Coulson LJ (delivering leading judgement) agreed with Wacksman J’s decision that a patent defect in construction (whether or not capable of being remedied) will only be construed as rendering works incapable of being “practically completed” where such defect is more than “trifling”. The key point was that considered at first instance: whether or not, in the absence of an express definition of “practical completion” in the relevant contract (or more widely agreed in legal authorities / industry standards) the certifier could determine that the development had met the relevant threshold required for the certificate to be issued.
The court drew no distinction between an element of works yet to be executed and a defect that is yet to be remedied and found that "in the absence of any express contractual definition or control, practical completion is, at least in the first instance, a question for the certifier". The fact that Costplan was willing to issue the certificate demonstrated its opinion that the failure to meet the specified contractual tolerances could be properly described as trifling. However, the court noted that "[w]hether or not that view is correct is not a matter for this appeal".
The agreement for lease
The court found that the construction of 56 rooms within the development beyond the floor area tolerance of 3% specified in the Agreement for Lease did not automatically equate to a material breach of that contract. It was acknowledged that, although such departure from contractual provisions amounted to breach, the degree and effect of such breach would depend on circumstances.
The Court of Appeal noted that although parties were free to agree the circumstances in which there would be a material or substantial breach of contract, they had not done so in this case. Based on the wording found in the agreement, references to materiality related to the size of the rooms and not to breach of contract.

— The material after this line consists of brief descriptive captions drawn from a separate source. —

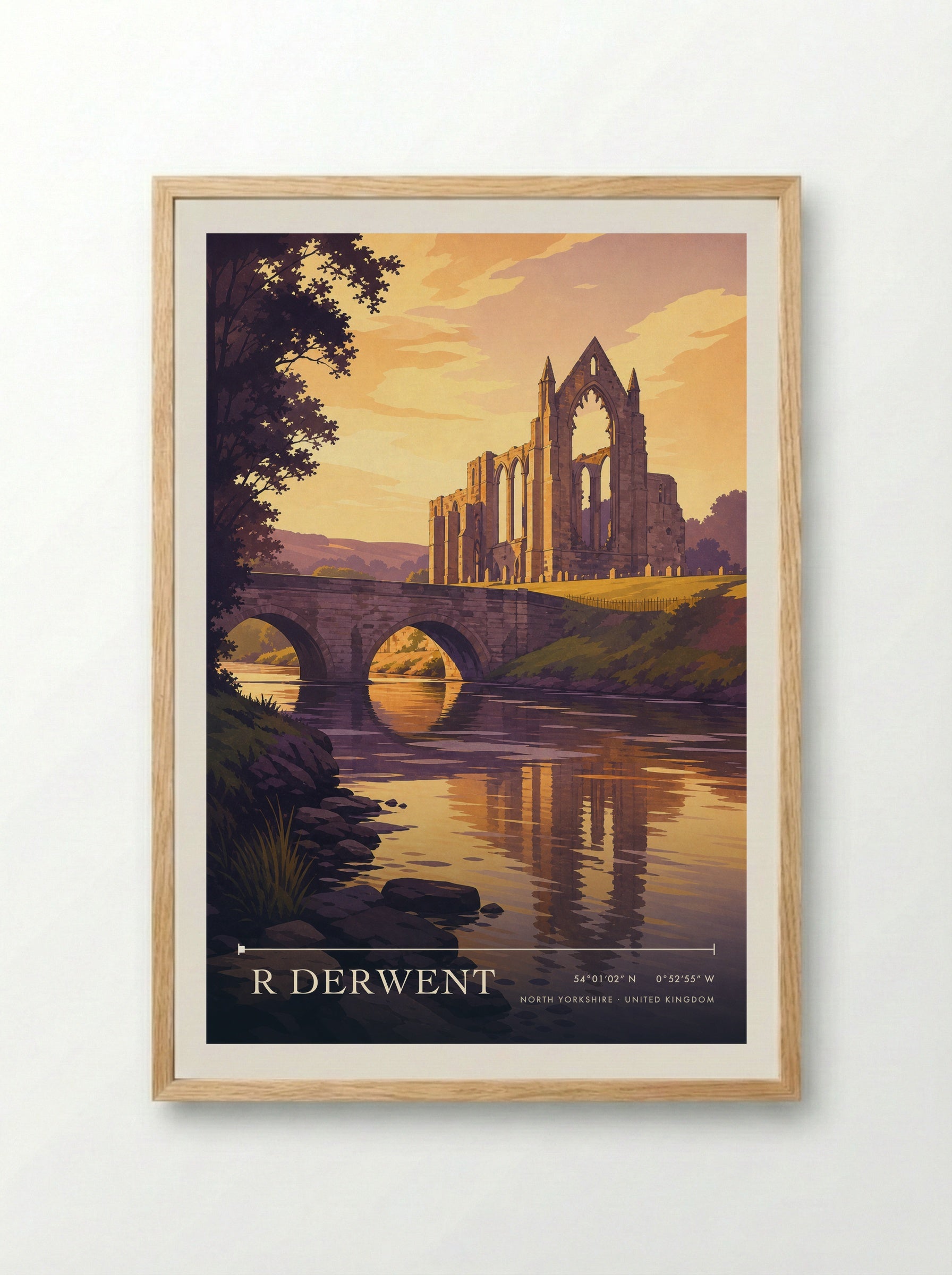 R Derwent North Yorkshire United Kingdom Travel Poster - Framed Print Wood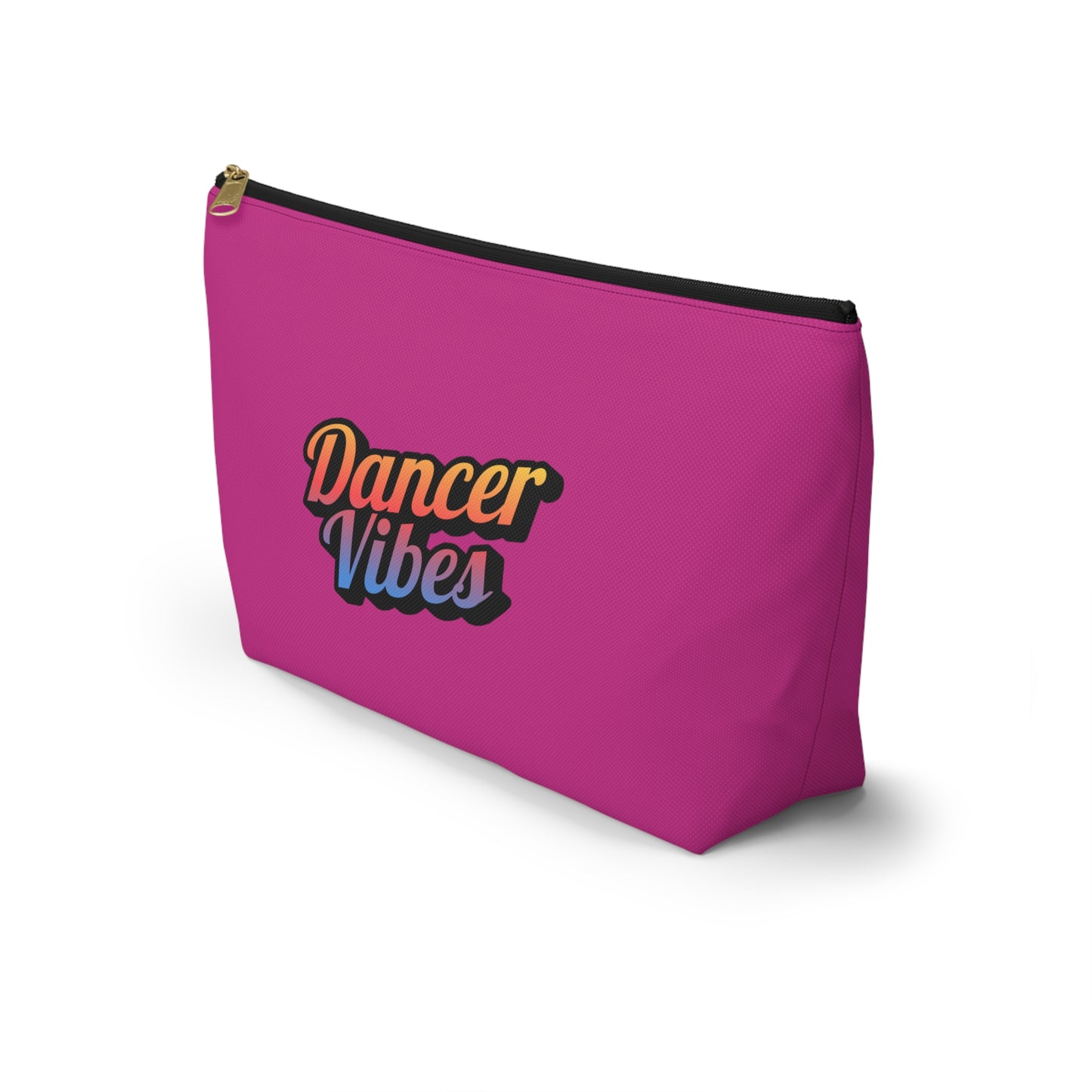 "Dancer Vibes" Makeup Bag – Colorful Text-Based Dance Graphic – Fun Dance-Themed Zipper Pouch for Cosmetics, Accessories & Travel Essentials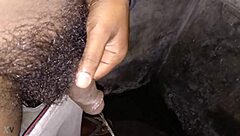 in the indian bathroom a massive black cock unleashes hot piss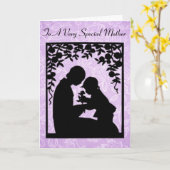 母の日の母および子供のシルエット カード (黄色い花)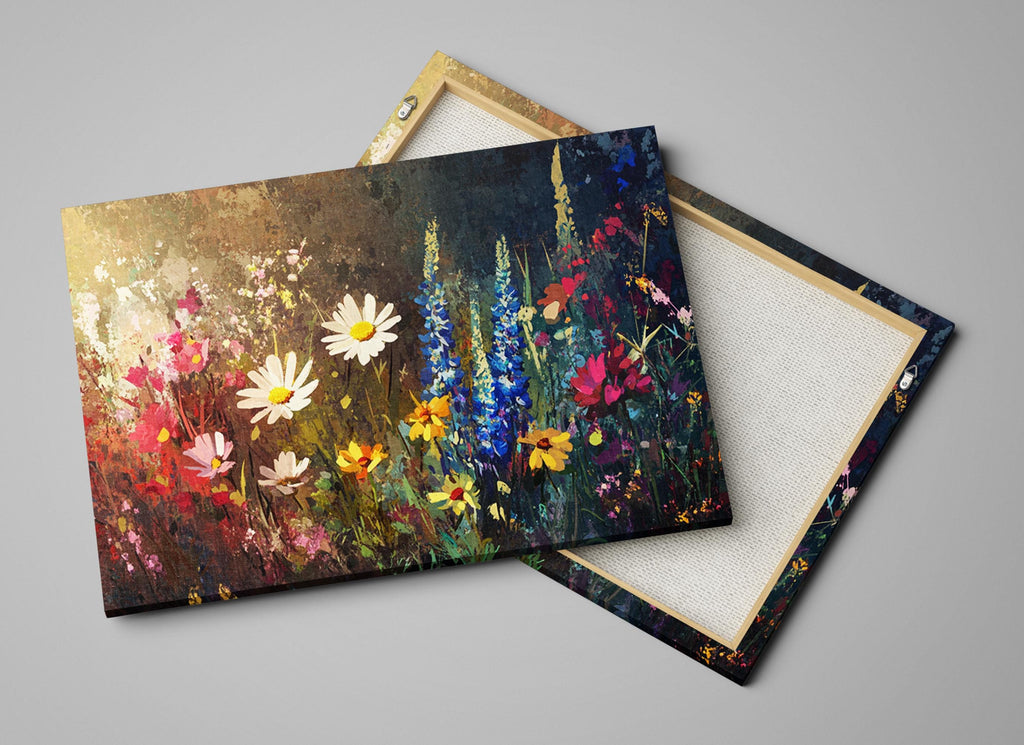 two paintings of flowers on a gray background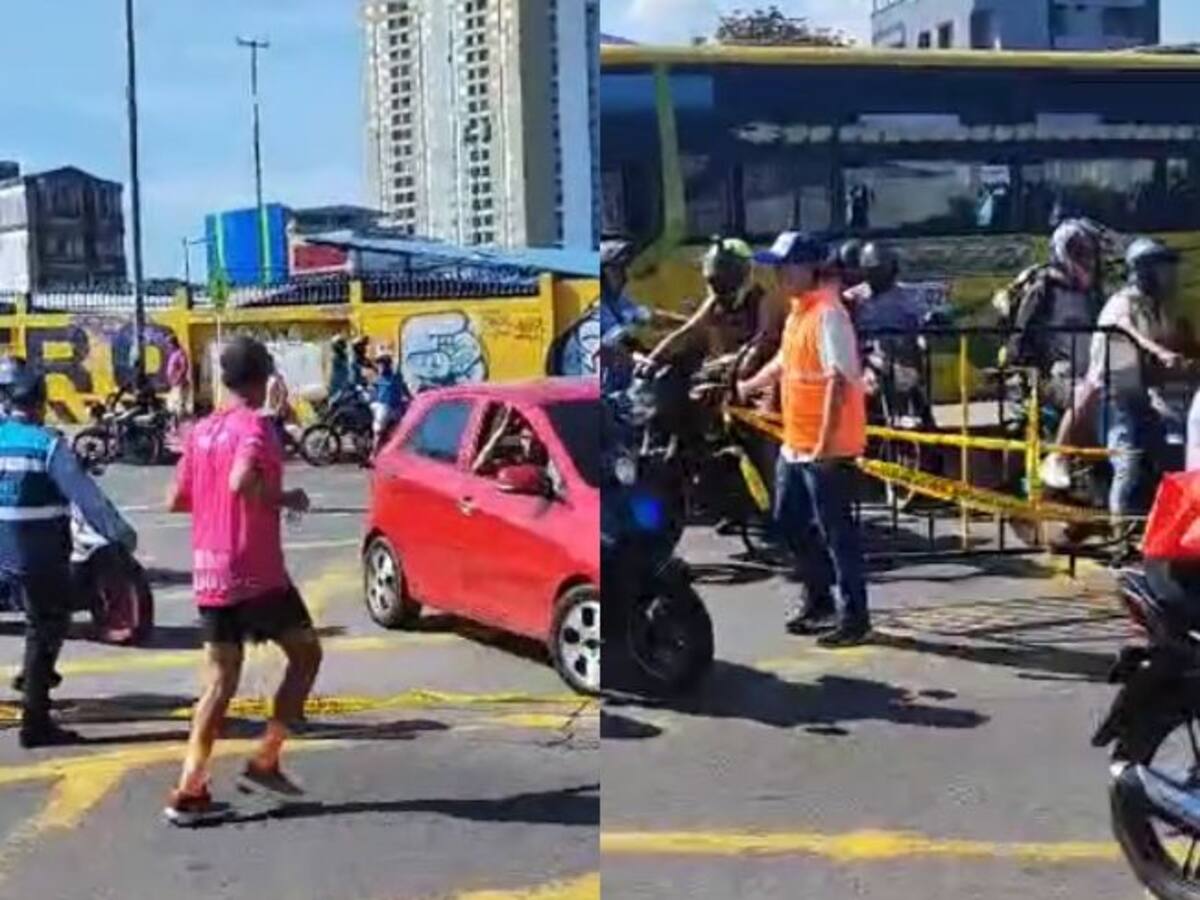 Conductores se metieron a la Media Maratón y por poco atropellan a los atletas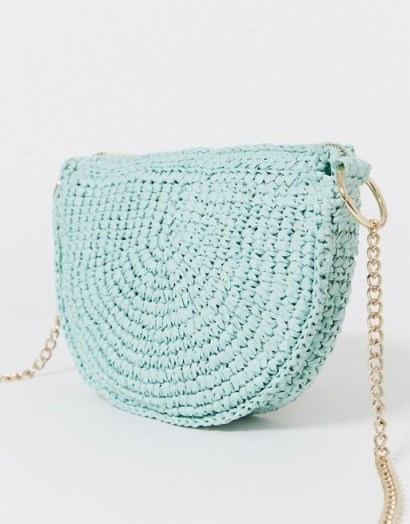 & Other Stories half moon straw bag in green - flipped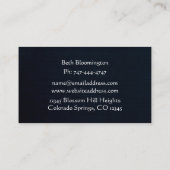 ネイビーユニークブルーリネンルックフローラ名刺 名刺 (裏面)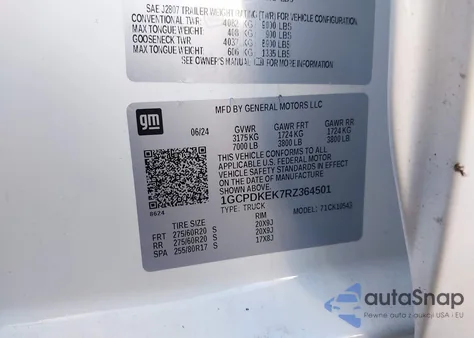 2024 Chevrolet Silverado 1500 4Wd Short Bed Lt With 2Fl из США, поврежденный, VIN 1GCPDKEK7RZ364501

The findings in this case are useful insofar as they clarify that practical completion will be something for a certifier to determine on the facts at hand. The judgement does not however prevent this being an area that is litigated in future, since much turns on degree, materiality and purpose, each of which is open to interpretation. Furthermore, the fact that a occupiable building will not necessarily be a certifiable building and vice versa does not provide certainty to those most exposed to potential claims. This case will offer limited comfort to those professionals responsible for certifying practical completion since the distinction drawn between breach of contract and certifiability of a development leaves much open for debate.